Entries taken from a collection:
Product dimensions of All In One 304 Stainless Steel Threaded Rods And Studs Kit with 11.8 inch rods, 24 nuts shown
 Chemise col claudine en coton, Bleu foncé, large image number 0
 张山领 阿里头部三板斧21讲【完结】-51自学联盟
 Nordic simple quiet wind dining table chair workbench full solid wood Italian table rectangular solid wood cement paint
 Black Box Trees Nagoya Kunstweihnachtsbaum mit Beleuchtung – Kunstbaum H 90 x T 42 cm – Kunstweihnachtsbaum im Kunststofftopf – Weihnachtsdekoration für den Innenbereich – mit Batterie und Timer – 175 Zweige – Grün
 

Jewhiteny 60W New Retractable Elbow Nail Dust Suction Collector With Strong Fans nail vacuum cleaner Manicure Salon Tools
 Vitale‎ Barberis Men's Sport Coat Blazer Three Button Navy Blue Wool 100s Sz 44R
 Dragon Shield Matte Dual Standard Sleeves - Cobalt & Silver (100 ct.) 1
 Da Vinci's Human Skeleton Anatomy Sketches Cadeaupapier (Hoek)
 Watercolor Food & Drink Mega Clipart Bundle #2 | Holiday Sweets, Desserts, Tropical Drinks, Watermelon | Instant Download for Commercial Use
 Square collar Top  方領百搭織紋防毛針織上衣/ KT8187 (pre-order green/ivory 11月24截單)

◆ **YOUR INSTRUCTIONS**
Would you please reproduce the records above exactly, only from their first line through the line holding "Nordic simple quiet", with both ends included?

◆ **WORKED SOLUTION**
Product dimensions of All In One 304 Stainless Steel Threaded Rods And Studs Kit with 11.8 inch rods, 24 nuts shown
 Chemise col claudine en coton, Bleu foncé, large image number 0
 张山领 阿里头部三板斧21讲【完结】-51自学联盟
 Nordic simple quiet wind dining table chair workbench full solid wood Italian table rectangular solid wood cement paint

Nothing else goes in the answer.